The backend exposes /metrics on the same listener as /health (port 8080) when OBSERVABILITY_METRICS_ENABLED=true. That env var is set in both the dev and prod overlay kustomizations:

- name: OBSERVABILITY_METRICS_ENABLED
  value: "true"
- name: OBSERVABILITY_TRACING_ENABLED
  value: "true"
- name: OBSERVABILITY_OTLP_ENDPOINT
  value: "tempo.monitoring.svc.cluster.local:4317"
- name: OBSERVABILITY_OTLP_INSECURE
  value: "true"
- name: OBSERVABILITY_SAMPLE_RATE
  value: "0.1"

The base ServiceMonitor selects app: tomoda-api. The dev/prod overlays apply commonLabels: env: dev|prod, which kustomize propagates to both the resource labels and the selector — so the same base manifest correctly scopes to the right Service in each namespace.

NetworkPolicy¶

tomoda-api-policy and tomoda-async-policy (k8s/apps/tomoda/base/network-policy.yaml) allow inbound :8080 from the monitoring namespace, alongside Traefik. Without that rule, scrape attempts would be silently dropped — up{job="backend-service"} would be zero with no obvious cause.

Argo CD specifics¶

The Helm release in infrastructure/gcp/argocd.tf now enables per-component metrics. Five ServiceMonitors land in the argocd namespace — one each for:

argocd-application-controller — sync queue depth, app health counts
argocd-server — API request rates
argocd-repo-server — repo cache stats, manifest generation latency
argocd-applicationset-controller
argocd-notifications-controller

These metrics drive the standard Argo CD Grafana dashboard (grafana.com 14584) if added later.

Redis prod¶

Prior to this change, dev had metrics.enabled: true but prod did not — Bitnami's chart simply didn't render the redis-exporter sidecar or the ServiceMonitor in prod. Prod values now mirror dev:

metrics:
  enabled: true
  serviceMonitor:
    enabled: true
    namespace: monitoring
    namespaceSelector:
      matchNames:
        - data
    additionalLabels:
      release: monitoring

redis-prod-master now appears alongside redis-master under up{job=~"redis-prod.*"}.

Photon — blackbox probe¶

Photon doesn't expose Prometheus metrics. The prometheus-blackbox-exporter Helm chart in k8s/envs/platform/blackbox-exporter/ deploys an HTTP prober, and a Probe CR in k8s/envs/platform/manifests/photon-probe.yaml tells Prometheus to ask blackbox to hit http://photon.platform.svc.cluster.local:2322/status every 30s.
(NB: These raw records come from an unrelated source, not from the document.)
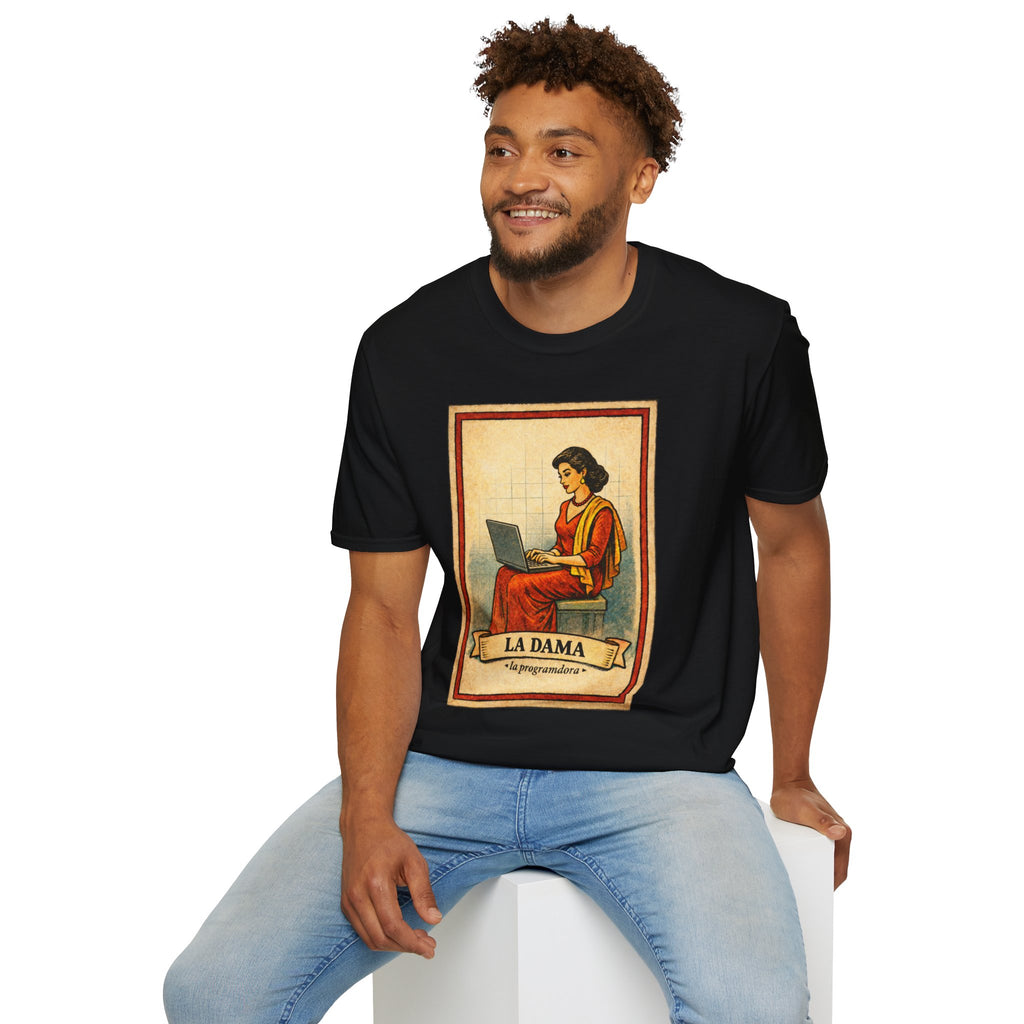 La Dama Laptop Tee — Vintage Lotería Style T-Shirt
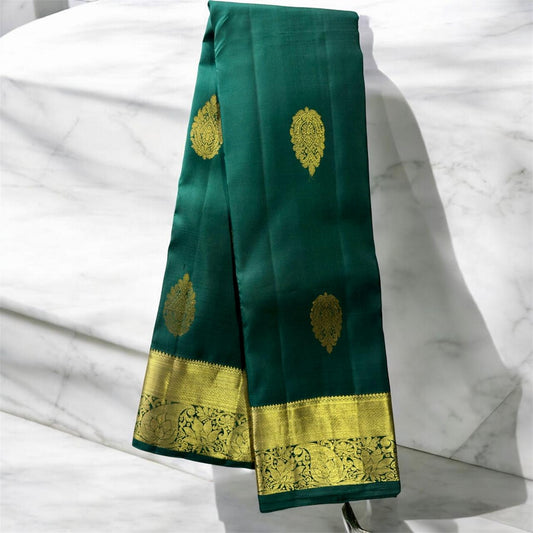 DARK GREEN WITH INTRICATE ZARI BIG BORDER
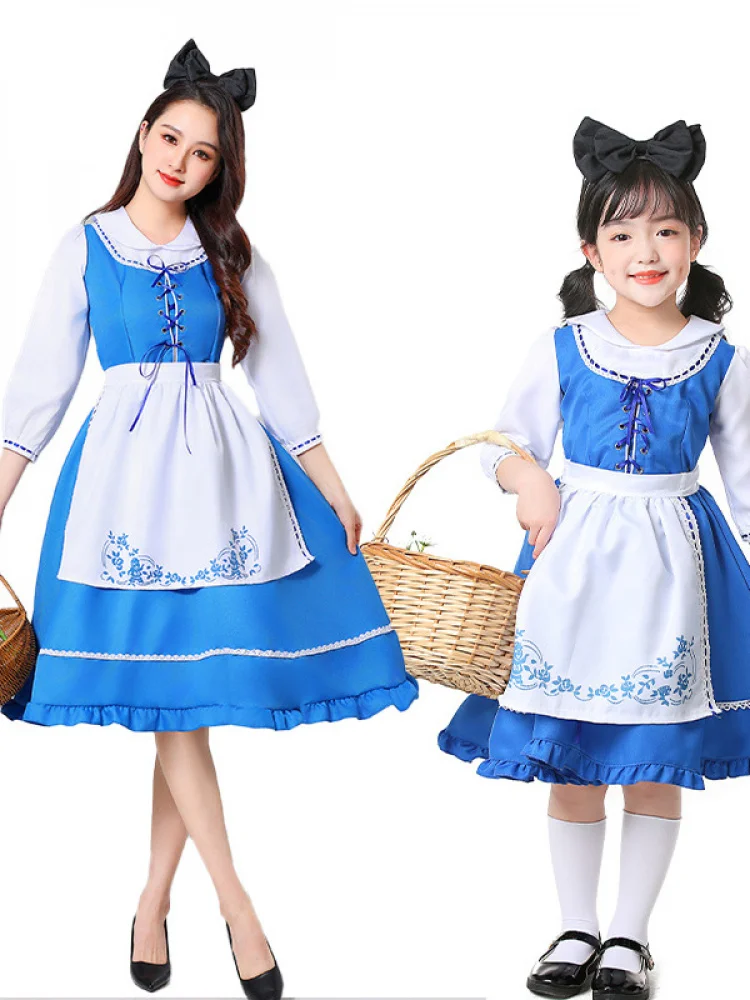 

loween Alice in Wonderland Cosplay Costume Adult Parent-Child Matching Blue White Skirt Maid Country Role Play Dr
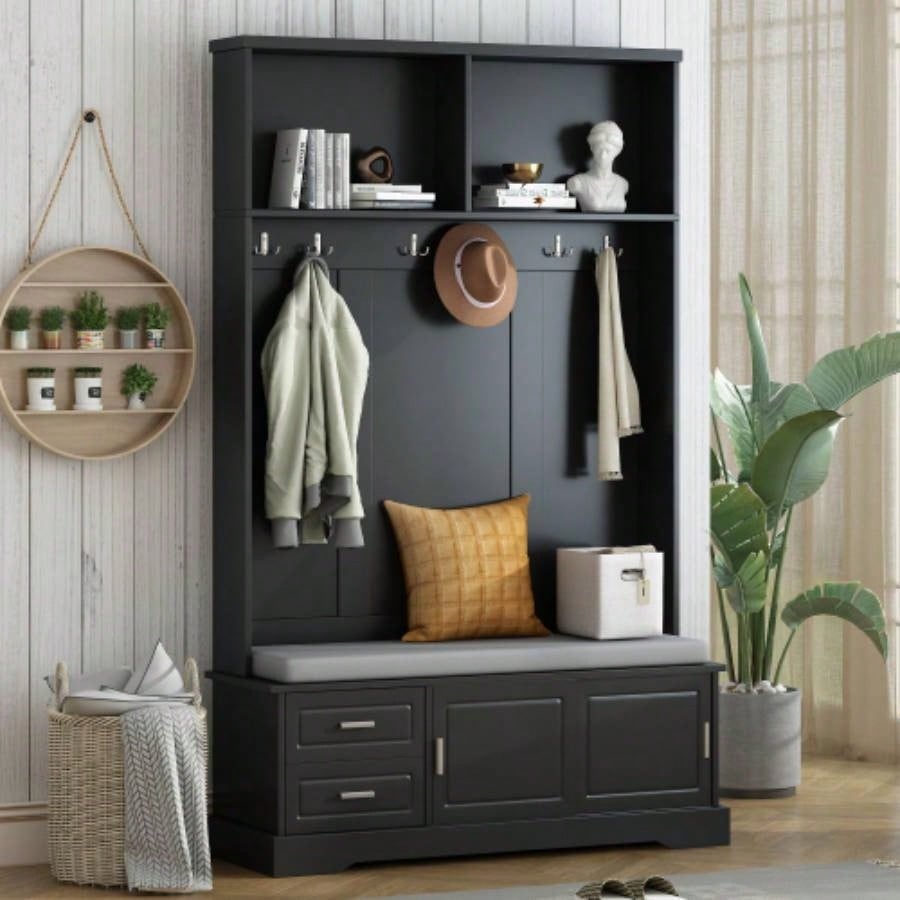 ON - TREND Elegant Hall Tree with Sliding Doors, Versatile Coat Rack with 6 Silvery Hooks Handles, Mudroom Cabinet with Shoe Storage 44.4 Cushion Hallway, Living Room, Black, 47.2*78.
The resulting metrics (with target=http://photon.platform.svc.cluster.local:2322/status):

probe_success — 1 if the request succeeded, 0 otherwise
probe_duration_seconds — how long the request took
probe_http_status_code — last response code

A "Photon down" alert keys off probe_success{service="photon"} == 0 for 2m.

Debugging "where are my metrics?"¶

# Is the ServiceMonitor visible to Prometheus?
kubectl get servicemonitor -A | grep <name>

# Does Prometheus actually have the target?
kubectl port-forward -n monitoring svc/monitoring-kube-prometheus-prometheus 9090:9090
# Open http://localhost:9090/targets → look for the job

# Is the pod's /metrics endpoint working?
kubectl port-forward -n <ns> <pod> 8080:8080
curl localhost:8080/metrics | head -20

# Is a NetworkPolicy blocking the scrape?
kubectl get networkpolicy -n <ns>

If a ServiceMonitor exists but the target is missing from Prometheus, the most common causes are: (a) wrong port name (endpoints[].port must match the Service's ports[].name, not the number), (b) the Service's selector doesn't actually hit any pods, © a NetworkPolicy blocks ingress from monitoring.